- Church: Episcopal Church
- Diocese: South Dakota
- Elected: March 1984
- In office: 1984–1992
- Predecessor: Walter H. Jones
- Successor: Creighton Robertson

Orders
- Ordination: 1975
- Consecration: July 27, 1984 by John Allin

Personal details
- Born: February 12, 1942 Glendale, California, U.S.
- Died: January 17, 2026 (aged 83) Sioux Falls, South Dakota, U.S.
- Denomination: Anglican
- Spouse: Lizbeth Johnston
- Children: 3
- Alma mater: Valparaiso University University of the South

= Craig Anderson (bishop) =

American bishop (1942–2026)

Craig Barry Anderson (February 12, 1942 – January 17, 2026) was an American bishop of the Episcopal Church who served as the Bishop of South Dakota from 1984 to 1992.

==Background==
Anderson was born in Glendale, California, on February 12, 1942. He studied at Valparaiso University, from which he graduated with a Bachelor of Arts degree in 1963. He then joined the United States Army. He graduated from the University of the South in theology in 1974. He also graduated with a Master of Arts in 1981, and a Doctor of Philosophy in 1985 from Valparaiso University.

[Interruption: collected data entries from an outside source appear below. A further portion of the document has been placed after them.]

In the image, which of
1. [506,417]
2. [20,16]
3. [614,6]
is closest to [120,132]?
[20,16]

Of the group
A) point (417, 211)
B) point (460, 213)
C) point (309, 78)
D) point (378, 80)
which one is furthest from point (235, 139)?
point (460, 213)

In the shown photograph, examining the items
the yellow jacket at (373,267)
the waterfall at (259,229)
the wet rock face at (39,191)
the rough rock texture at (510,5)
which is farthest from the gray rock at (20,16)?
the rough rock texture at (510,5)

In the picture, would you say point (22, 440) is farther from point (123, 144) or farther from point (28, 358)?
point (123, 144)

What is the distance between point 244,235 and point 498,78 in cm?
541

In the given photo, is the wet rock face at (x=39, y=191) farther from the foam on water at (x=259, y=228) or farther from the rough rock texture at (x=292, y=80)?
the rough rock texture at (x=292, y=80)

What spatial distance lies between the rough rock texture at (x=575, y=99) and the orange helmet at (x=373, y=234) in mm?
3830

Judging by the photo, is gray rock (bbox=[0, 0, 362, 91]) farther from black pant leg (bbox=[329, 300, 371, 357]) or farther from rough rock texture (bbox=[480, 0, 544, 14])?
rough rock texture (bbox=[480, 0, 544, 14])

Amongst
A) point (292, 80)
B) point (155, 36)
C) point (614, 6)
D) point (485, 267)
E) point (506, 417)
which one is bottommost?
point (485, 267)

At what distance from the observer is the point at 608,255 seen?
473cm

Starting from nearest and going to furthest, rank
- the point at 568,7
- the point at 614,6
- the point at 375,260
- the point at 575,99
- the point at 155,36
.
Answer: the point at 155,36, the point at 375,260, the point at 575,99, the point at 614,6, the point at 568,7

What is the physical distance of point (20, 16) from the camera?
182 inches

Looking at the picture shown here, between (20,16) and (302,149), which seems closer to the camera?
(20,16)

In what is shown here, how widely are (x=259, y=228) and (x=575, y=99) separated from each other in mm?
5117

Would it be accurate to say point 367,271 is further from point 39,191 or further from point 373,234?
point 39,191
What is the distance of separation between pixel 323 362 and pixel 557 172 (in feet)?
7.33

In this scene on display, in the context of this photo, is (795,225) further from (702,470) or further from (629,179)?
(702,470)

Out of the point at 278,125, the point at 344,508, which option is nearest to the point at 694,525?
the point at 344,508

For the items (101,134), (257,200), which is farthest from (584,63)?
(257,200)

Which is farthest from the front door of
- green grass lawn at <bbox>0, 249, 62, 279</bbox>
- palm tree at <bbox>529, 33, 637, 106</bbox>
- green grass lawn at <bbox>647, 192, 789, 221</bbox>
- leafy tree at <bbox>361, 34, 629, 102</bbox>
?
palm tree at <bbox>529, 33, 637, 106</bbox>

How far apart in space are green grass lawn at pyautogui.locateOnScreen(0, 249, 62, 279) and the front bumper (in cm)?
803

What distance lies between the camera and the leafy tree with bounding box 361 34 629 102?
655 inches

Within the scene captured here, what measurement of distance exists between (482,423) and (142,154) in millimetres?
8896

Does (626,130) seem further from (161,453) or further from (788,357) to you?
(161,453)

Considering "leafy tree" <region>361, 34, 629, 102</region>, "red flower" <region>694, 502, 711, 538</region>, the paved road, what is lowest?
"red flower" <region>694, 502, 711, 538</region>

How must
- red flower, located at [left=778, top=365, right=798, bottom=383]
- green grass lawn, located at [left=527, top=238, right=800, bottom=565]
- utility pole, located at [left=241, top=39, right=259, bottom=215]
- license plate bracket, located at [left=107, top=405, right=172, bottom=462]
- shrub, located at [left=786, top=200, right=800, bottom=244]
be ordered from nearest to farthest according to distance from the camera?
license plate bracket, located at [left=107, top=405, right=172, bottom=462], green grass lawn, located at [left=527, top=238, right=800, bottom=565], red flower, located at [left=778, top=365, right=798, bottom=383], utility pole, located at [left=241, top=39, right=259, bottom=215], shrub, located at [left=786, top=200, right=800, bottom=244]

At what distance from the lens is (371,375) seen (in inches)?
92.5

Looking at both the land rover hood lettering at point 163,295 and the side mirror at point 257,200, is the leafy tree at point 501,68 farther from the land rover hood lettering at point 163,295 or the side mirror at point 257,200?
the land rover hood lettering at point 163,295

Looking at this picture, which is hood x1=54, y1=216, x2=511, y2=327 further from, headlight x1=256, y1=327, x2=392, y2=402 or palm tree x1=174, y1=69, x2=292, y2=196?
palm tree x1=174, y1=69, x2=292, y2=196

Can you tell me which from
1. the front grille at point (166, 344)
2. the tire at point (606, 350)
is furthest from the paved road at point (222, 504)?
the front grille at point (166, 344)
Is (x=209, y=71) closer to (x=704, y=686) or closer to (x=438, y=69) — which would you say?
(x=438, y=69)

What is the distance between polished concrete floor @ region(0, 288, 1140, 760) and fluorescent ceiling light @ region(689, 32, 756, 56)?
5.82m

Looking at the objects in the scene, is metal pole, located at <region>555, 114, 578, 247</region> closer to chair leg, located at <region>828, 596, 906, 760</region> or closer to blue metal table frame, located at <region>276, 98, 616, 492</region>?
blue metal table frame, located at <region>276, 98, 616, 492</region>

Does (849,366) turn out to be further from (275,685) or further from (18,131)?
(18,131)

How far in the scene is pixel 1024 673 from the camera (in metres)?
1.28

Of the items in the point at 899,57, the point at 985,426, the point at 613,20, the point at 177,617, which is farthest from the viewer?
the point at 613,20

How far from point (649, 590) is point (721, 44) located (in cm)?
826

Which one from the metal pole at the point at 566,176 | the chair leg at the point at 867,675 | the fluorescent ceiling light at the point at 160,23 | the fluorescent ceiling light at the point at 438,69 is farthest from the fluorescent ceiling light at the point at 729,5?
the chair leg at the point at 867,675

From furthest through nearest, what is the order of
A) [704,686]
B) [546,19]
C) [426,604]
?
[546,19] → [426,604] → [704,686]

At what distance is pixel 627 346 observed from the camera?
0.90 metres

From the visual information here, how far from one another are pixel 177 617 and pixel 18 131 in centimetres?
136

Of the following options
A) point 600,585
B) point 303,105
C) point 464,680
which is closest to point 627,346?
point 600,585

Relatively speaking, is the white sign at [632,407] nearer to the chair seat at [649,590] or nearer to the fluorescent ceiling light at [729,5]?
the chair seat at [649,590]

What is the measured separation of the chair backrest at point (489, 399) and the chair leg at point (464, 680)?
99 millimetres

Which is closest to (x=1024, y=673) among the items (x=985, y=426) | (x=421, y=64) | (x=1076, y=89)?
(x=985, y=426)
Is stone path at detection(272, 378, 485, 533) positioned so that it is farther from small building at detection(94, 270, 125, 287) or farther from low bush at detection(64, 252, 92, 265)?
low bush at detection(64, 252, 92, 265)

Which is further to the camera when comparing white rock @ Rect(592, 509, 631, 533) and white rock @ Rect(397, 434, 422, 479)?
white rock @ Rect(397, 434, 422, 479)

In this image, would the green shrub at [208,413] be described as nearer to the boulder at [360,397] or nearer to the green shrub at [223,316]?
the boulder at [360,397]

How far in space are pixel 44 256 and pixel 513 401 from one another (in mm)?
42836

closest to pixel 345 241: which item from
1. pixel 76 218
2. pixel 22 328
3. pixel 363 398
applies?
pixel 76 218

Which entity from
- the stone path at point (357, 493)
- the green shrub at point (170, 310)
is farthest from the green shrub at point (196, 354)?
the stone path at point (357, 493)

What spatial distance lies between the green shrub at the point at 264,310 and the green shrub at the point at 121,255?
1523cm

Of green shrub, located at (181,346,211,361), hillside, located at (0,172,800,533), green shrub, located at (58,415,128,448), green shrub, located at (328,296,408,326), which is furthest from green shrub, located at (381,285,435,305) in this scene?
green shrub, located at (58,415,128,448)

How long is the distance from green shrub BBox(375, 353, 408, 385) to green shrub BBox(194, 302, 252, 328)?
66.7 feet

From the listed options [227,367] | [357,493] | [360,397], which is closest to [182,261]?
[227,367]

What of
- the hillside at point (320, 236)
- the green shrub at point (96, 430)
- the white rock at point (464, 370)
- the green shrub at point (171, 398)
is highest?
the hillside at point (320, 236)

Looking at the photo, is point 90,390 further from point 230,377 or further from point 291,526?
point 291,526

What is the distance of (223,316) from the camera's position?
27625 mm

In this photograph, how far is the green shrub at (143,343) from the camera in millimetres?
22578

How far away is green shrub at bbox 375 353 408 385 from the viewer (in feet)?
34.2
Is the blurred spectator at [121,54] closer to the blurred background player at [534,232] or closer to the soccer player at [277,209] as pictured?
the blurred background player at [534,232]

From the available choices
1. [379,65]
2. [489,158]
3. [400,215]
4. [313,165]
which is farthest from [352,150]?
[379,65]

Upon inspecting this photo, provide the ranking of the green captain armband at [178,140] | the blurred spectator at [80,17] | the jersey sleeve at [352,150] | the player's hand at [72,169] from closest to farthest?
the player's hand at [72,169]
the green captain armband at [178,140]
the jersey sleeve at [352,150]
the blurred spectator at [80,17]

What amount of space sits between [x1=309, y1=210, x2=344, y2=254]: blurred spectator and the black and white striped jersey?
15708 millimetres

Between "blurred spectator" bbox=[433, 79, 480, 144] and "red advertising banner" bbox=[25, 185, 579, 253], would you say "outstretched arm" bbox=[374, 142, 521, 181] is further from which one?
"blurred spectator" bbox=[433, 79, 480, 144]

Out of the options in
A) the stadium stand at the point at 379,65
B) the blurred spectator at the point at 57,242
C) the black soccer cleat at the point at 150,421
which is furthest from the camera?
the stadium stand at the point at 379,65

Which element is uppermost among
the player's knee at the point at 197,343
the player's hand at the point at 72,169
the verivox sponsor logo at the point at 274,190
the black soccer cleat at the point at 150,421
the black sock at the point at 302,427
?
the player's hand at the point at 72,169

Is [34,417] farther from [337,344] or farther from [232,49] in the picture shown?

Anderson died in Sioux Falls, South Dakota, on January 17, 2026, at the age of 83.

==Ordained ministry==
Anderson was ordained deacon in 1974 and priest in 1975. He then became an army chaplain in 1976, and taught at the University of the South. He also held the C. K. Benedict Chair of Theology from 1978 to 1984. He was also head of the admissions committee and chaired the senior program. Subsequently, he served as priest-in-charge at Christ Church in Alto, Tennessee.

===Bishop===
Anderson was elected Bishop of South Dakota in March 1984, and was consecrated on July 27, 1984, at the Cathedral of Our Lady of Perpetual Help, Rapid City, South Dakota with Bishop John Allin as chief consecrator. He remained in South Dakota until his resignation in 1992, to become the eleventh president, dean and Professor of Theology at the General Theological Seminary in New York City. In 1998, he resigned his position at the seminary to become the eleventh headmaster of St. Paul's School in Concord, New Hampshire. Subsequently, he served as interim bishop in the Diocese of Vermont. In 2005, Anderson retired from St Paul's, two years ahead of schedule, over his compensation, handling of the school's money and other matters. This came about when the school came under investigation by tax authorities after falling short of its fund-raising goals. He then became the assistant bishop in the Diocese of Idaho and interim rector of St Thomas' Church in Sun Valley, Idaho. In 2007, he became rector of Emmanuel Church on Orcas Island, and served as assistant bishop in the Diocese of Olympia, until 2014. He then moved with his family to Taos, New Mexico.